Faites-vous un lien et si oui, lequel, entre l’anarchisme
en tant que mouvement politique et votre définition de la
démocratie ?
Jacques Rancière L’anarchisme historique peut être
analysé à partir de ma définition. Mais il
est clair qu’il a le plus souvent tiré du principe
démocratique tel que je l’entends d’autres conséquences.
Les anarchistes individualistes en ont tiré l’idée
de l’illégitimité de tout pouvoir à l’égard
de la liberté des individus. Le mouvement ouvrier anarchiste
en a tiré l’idée du mensonge et de l’illégitimité
de la politique comme forme d’organisation collective. Il
a identifié politique et pouvoir et pensé l’anarchie
comme suppression du parasitisme politique. Sur ce point, au moins,
il s’est accordé avec le marxisme : tous deux ont conçu
la démocratie comme la forme du mensonge politique recouvrant
la réalité de l’exploitation économique.
Tous deux ont cherché dans la société, c’est-à-dire
dans son cœur, les formes de la production et de l’échange,
le principe d’une suppression conjointe de l’exploitation
économique et de l’oppression étatique.
De mon point de vue, il n’y a pas de loi immanente à
la production et à l’échange qui donne le principe
d’une société anarchiste. La politique est ce
qui vient en plus de la loi étatique et l’émancipation
en excès par rapport à la logique sociale. L’égalité
est toujours supplémentaire par rapport au fonctionnement
économico-social comme par rapport au fonctionnement étatique.
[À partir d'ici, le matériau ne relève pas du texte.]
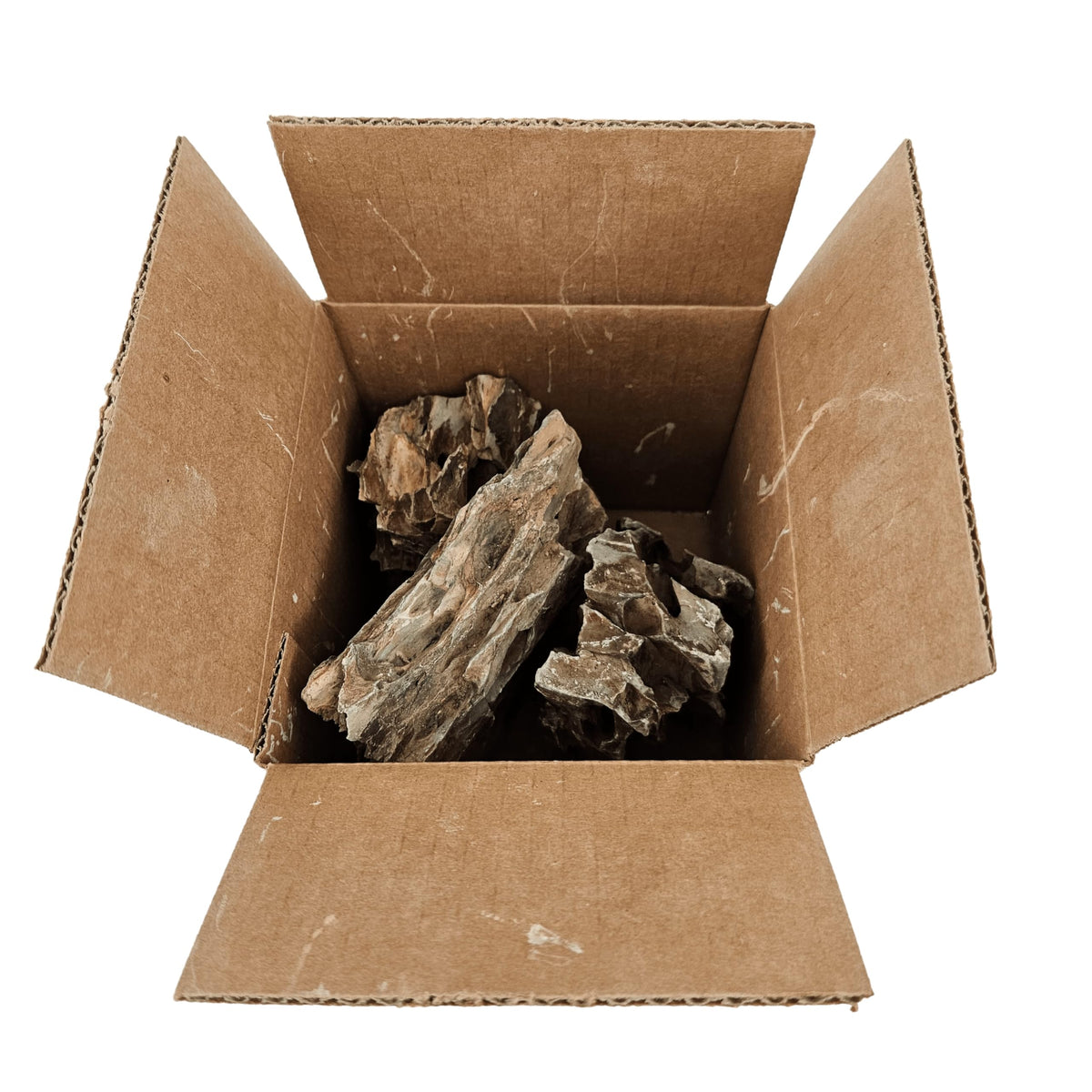 Lifegard Aquatics Dragon Ohko Rock. (for Decoration, Ponds, Fish Tank, Aquarium & Aquascaping) (1 lbs)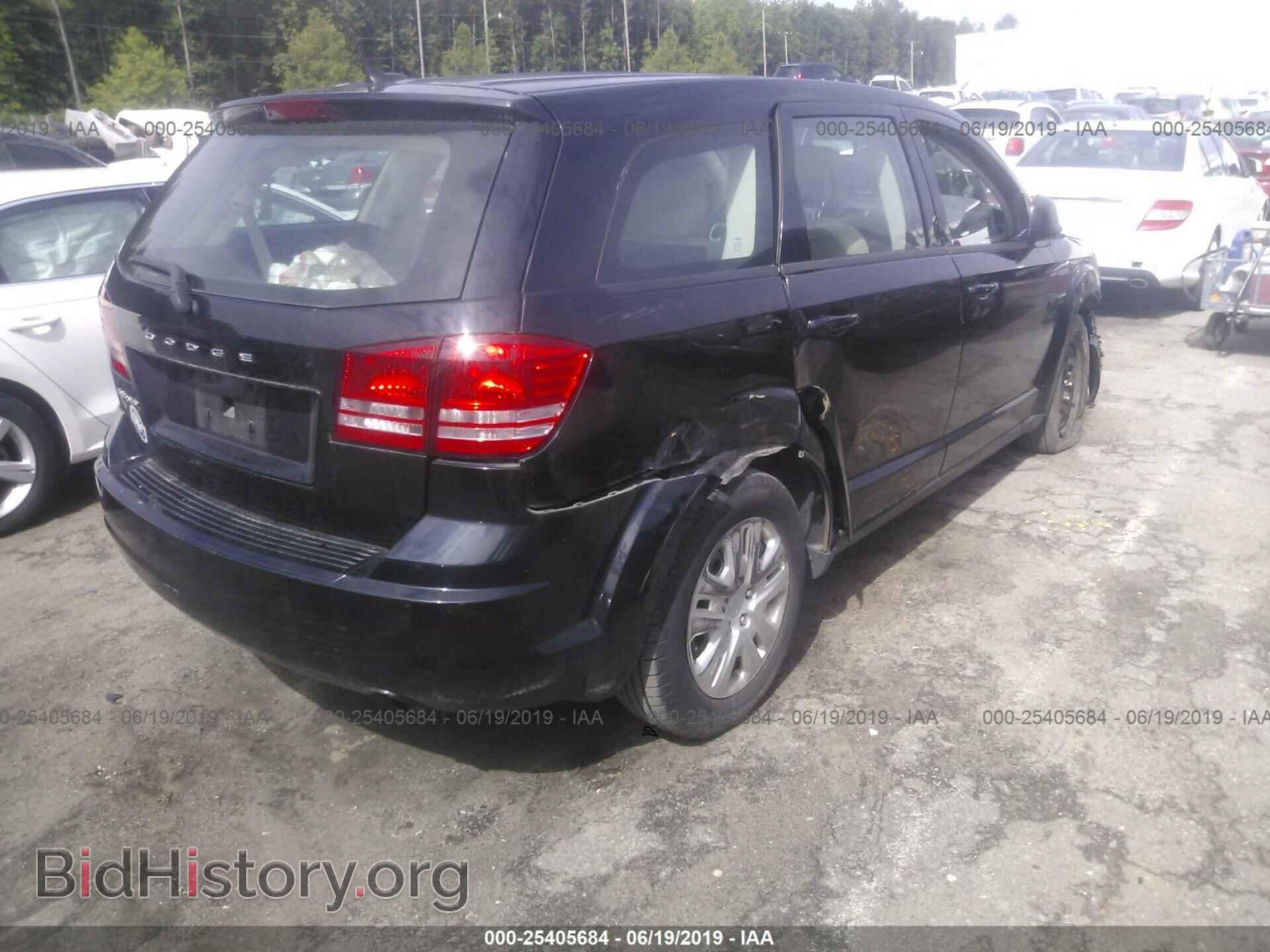 2015 DODGE JOURNEY - VIN: 3C4PDCABXFT591695 - Фото 4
Cela dit, il est clair que, par rapport à cette posture
historique du mouvement anarchiste, les cartes se trouvent aujourd’hui
redistribuées. D’un côté, la faillite
du marxisme d’Etat a aussi induit une remise en cause plus
globale de l’idée d’une puissance de libération
immanente au monde de la production et de l’échange.
Elle a entraîné corrélativement une revalorisation
de la politique, c’est-à-dire plus précisément
de la puissance égalitaire recélée dans le
principe démocratique. De l’autre, les nouvelles formes
du gouvernement mondial obligent à séparer toujours
plus la radicalité démocratique de l’idée
consensuelle de la démocratie comme forme de gouvernement
des sociétés de libre marché. La démocratie
doit aujourd’hui réaffirmer cette auto-négation
de la légitimité du pouvoir, cette « anarchie
» qui est son principe. Il y a donc aujourd’hui un rapprochement
possible entre l’anarchisme et la démocratie saisie
dans sa radicalité.
AL.– Vous faites une critique virulente du système
représentatif et électoral actuel. Vous avez dernièrement,
dans un article du Monde (22 mars 2007), fait une critique des élections
présidentielles. Pour autant, est-ce qu’une transformation
démocratique des institutions actuelles à un sens
pour vous et à quelles conditions ?
JR.– Il est certainement possible d’imaginer des transformations
du système représentatif qui fassent droit à
l’anarchisme démocratique tel que je l’entends.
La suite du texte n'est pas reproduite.